Looper (2012) dir. Rian Johnson
Starring: Joseph Gordon-Levitt, Bruce Willis, Paul Dano, Emily Blunt, Piper Perabo

By Alan Bacchus

Joseph Gordon-Levitt's necessary voiceover explains the near future rules of this time travel yarn. With the forensic technological abilities of authorities in the future criminals looking to whack their enemies choose to send them back in time to be murdered. Loopers who live in the past know when and where these people will be sent and literally sit, wait and shoot ducks in a barrel. Gordon-Levitt shoots his victims on the outskirts of a farm and disposes their bodies in a local incinerator.

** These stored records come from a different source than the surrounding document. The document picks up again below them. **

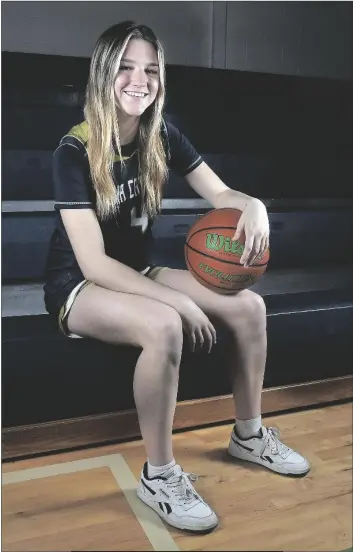  ?? PHOTO By randy HOEFT/YUMA SUN ?? Buy These PHOTOS at yumasun.com
Yuma Catholic High School point guard Reese Sellers is the 2023 Yuma Sun/yuma Rotary Club Girls Basketball Player of the Year, winning the award for the second year in a row.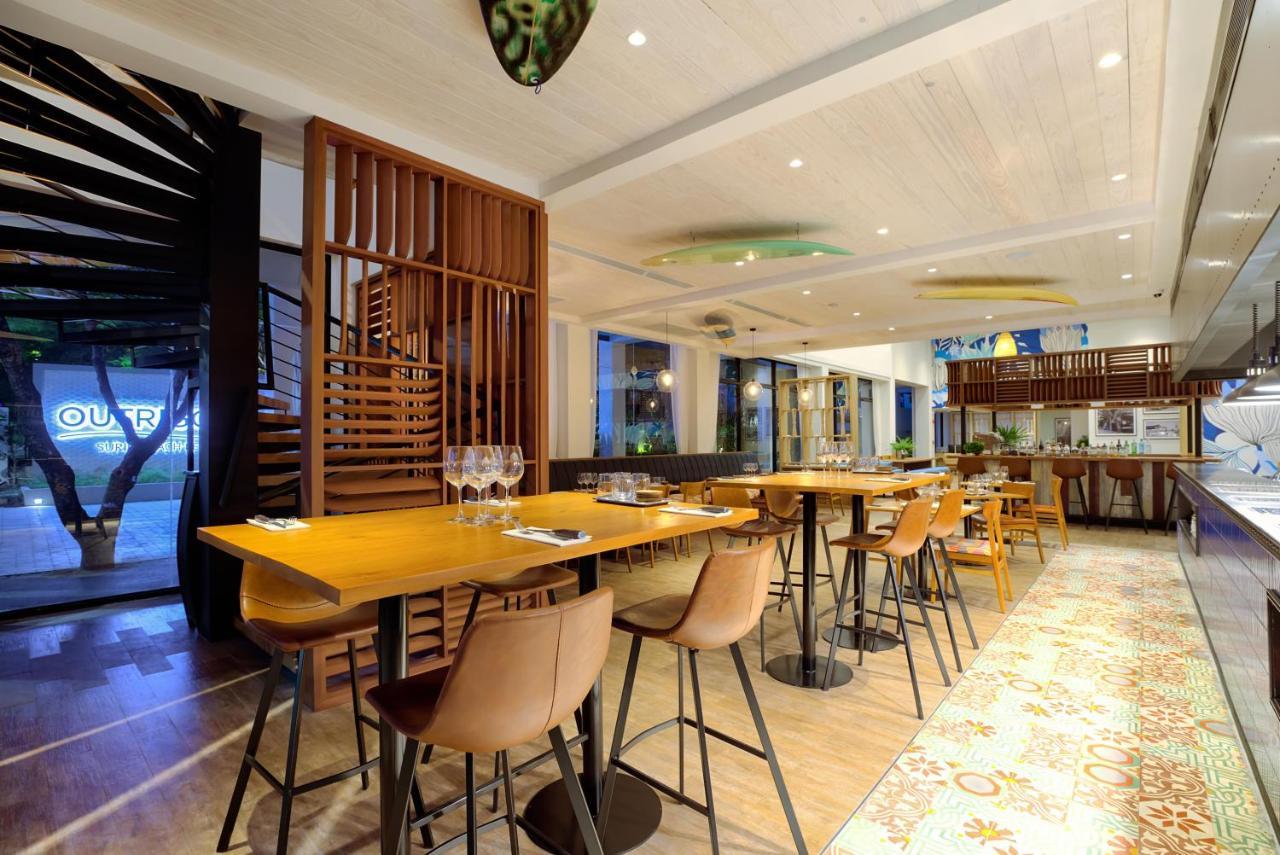 Outrigger Surin Beach Resort - Sha Extra Plus 외부 사진 Restaurant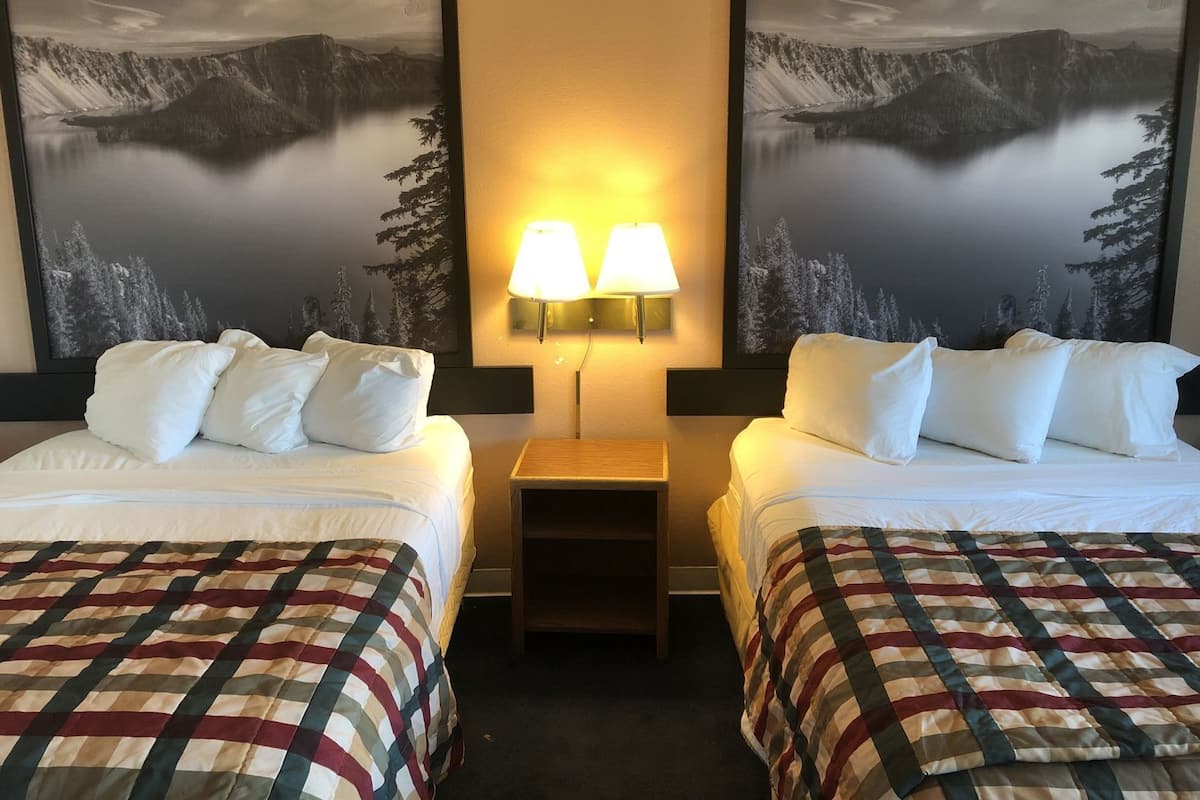 Allergiatestatut vuodevaatteet, pillowtop-patjalliset sängyt, työpöytä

This leads us to plot hole #1, which is how Loopers in the past receive their orders. Oh well, let's move on. One day Gordon-Levitt receives a new victim and it's Bruce Willis, the version of himself targeted for death in the future to be killed by his younger self. In Looper terminology this is called 'closing the loop'. Eventually all assassins are forced out of the business and have to be offed by the earlier versions of themselves.

Thus we have plot hole #2 - why do Loopers have to be killed by themselves, and why would someone want to be a Looper knowing they might eventually have their loop closed?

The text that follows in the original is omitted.